Hoje, 31 de agosto de 2010, circula pela última vez a edição impressa do Jornal do Brasil, fundado há 119 anos e mergulhado numa dívida de R$ 800 milhões. As últimas edições tiveram tiragem de 30 mil exemplares, segundo o próprio jornal, que, nos anos 60, chegou a tirar 230 mil exemplares aos domingos. A partir de agora, o JB será lido apenas na internet, em "nova e melhor fase", anunciada por um editorial que enaltece o "primeiro jornal 100% digital"...

Em meados dos anos 80, quando a redação brasiliense tinha uns 30 jornalistas, os grandes jornais brasileiros adotavam a impressão offset, com fotos a cores e importantes mudanças gráficas. Só o JB, primo pobre, continuava com o anacrônico sistema leterpress, pouco mais evoluído que a tipografia. As fotos, sempre em preto-e-branco, tinham baixa nitidez, o que não tolhia o talento dos fotógrafos.

Ricardo Noblat era o editor executivo da sucursal, dirigida por Luiz Orlando Carneiro. O braço direito de Noblat era João Santana, um talentoso ex-poeta, que no passado era conhecido como Patinhas e escrevia belas letras para as canções da banda baiana Bendegó. Hoje ele abandonou também o jornalismo e transformou-se em vendedor de ilusões... Que evolução!

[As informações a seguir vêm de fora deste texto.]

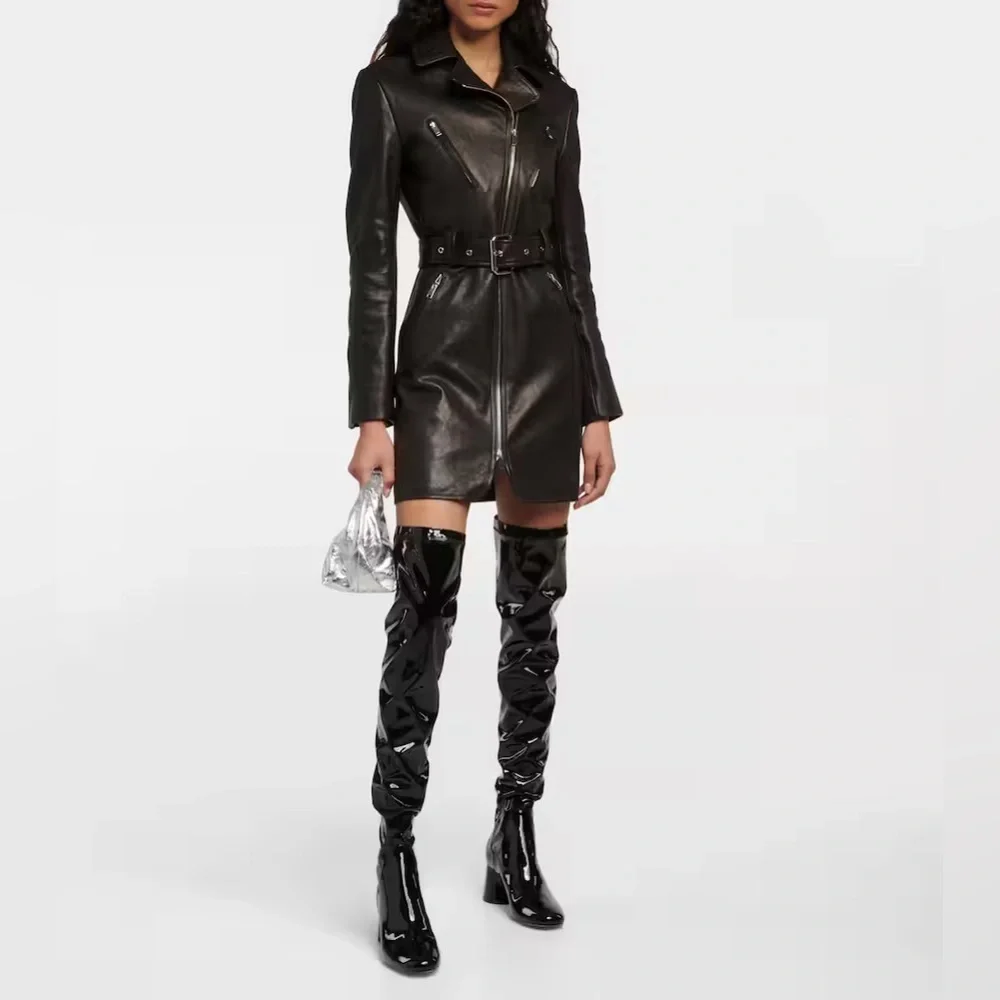 KHAITE Wythe Over-the-Knee Boots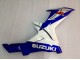 2011-2024 Suzuki GSXR 600 / GSXR 750 Motorcycle Fairings - Blue White Canada for Sale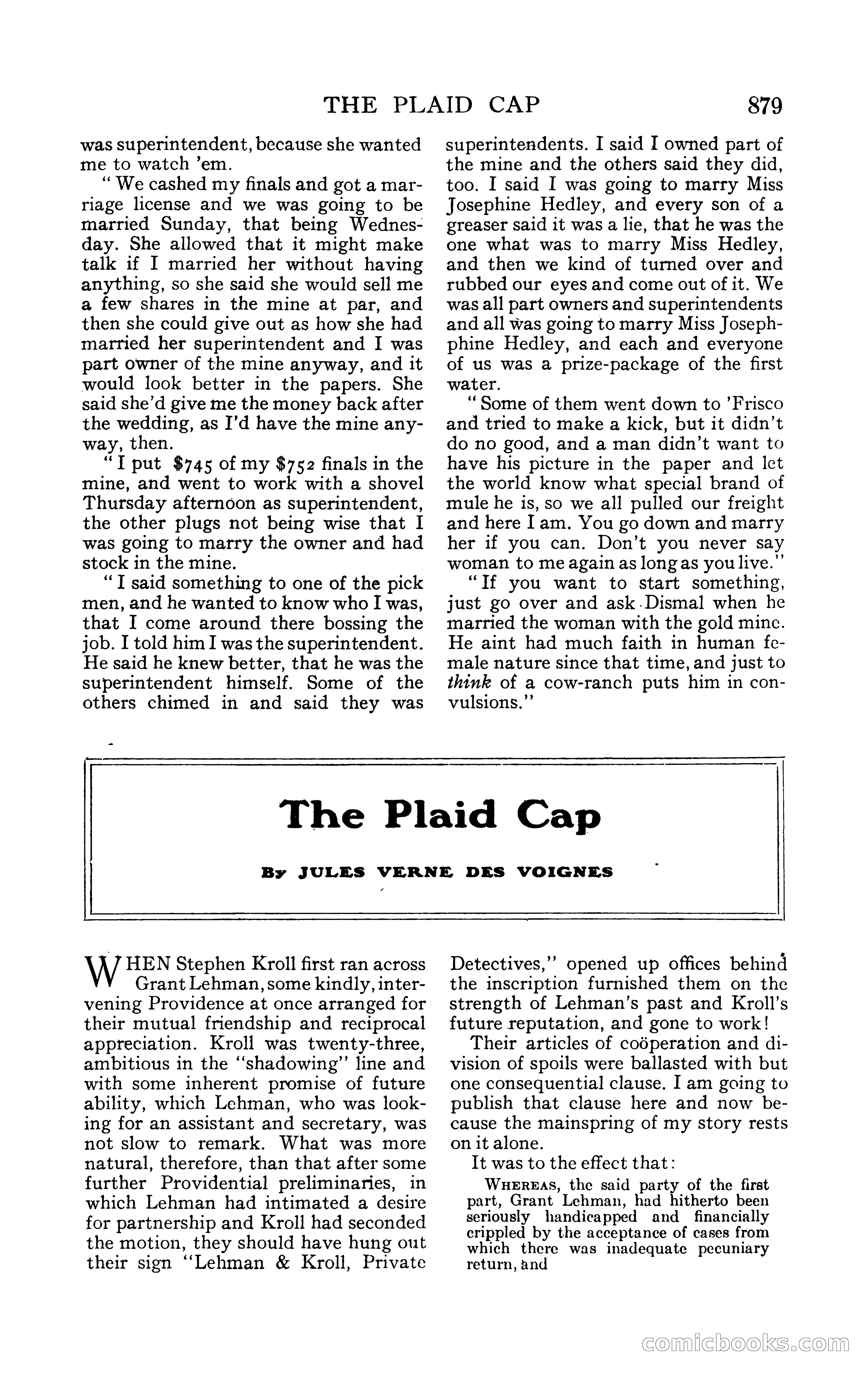The Blue Book Magazine, February 1909 — page 211 of 244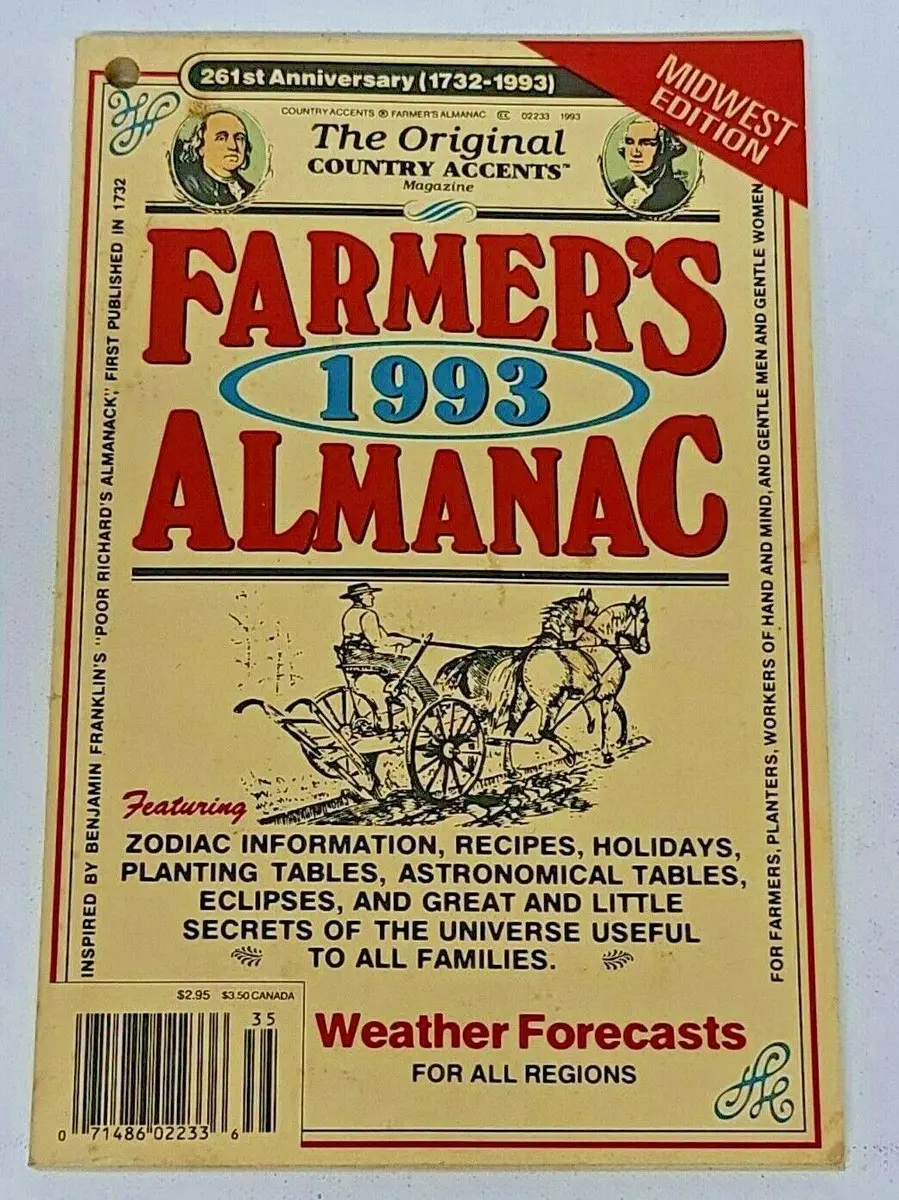 Discover the Farmers Almanac: Traditions and Forecasts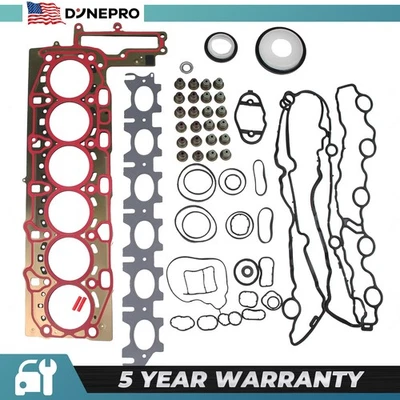 Juego de juntas de culata B58B30A para BMW X3 X4 M240i 540i 2016-20 Kit de reconstrucción de motor de 3,0 L Foto 1 de 4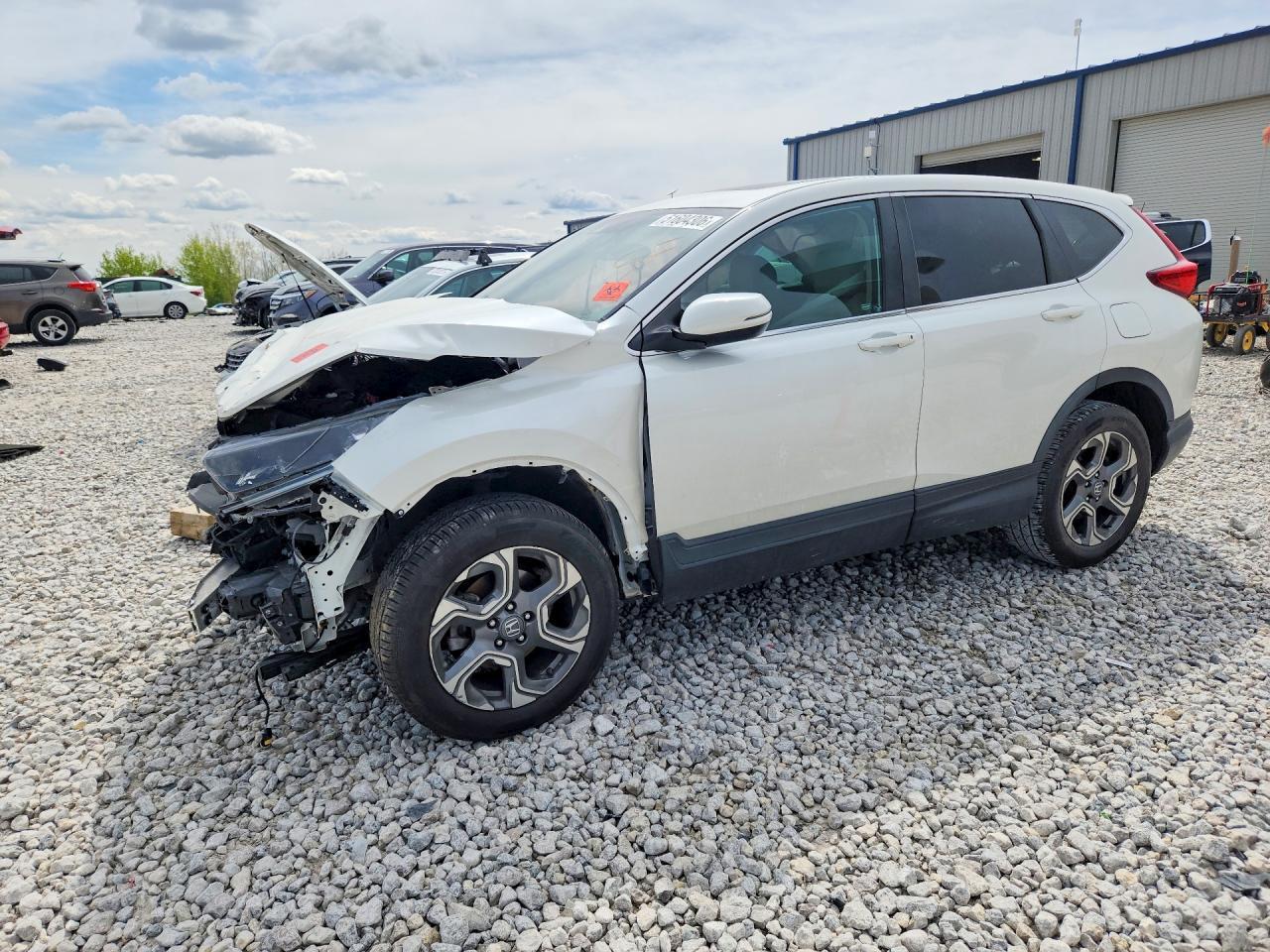 2018 Honda Cr-V Exl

O lendário colunista político Carlos Castelo Branco publicava todos os dias na página dois, e eventualmente aparecia na redação para entregar sua coluna datilografada. Luiz Orlando raramente saía de sua sala, afastada da redação, mas de vez em quando aparecia para um comentário interessante, um papo rápido com os repórteres presentes. Além de jornalista, Luiz Orlando é um dos maiores especialistas brasileiros em jazz, essa forma elevada de música, e desenhista diletante. Dois de seus desenhos a crayon, de temática jazzística, decoram uma parede de meu apartamento.

"Jornalista trabalha melhor sob tensão", ensinava Noblat, que atribuía a si essa nobre missão - estressar os repórteres. Contam as lendas da época que todos os jornalistas da redação mantinham agenda semanal com a mesma psicanalista. Ao chegar um novato, ela advertia: "Fale-me de sua mãe, porque do Noblat eu já sei tudo."

Bons tempos aqueles. Acho que estou ficando velho. Não há mais JB nas bancas e tenho cada vez mais histórias para contar.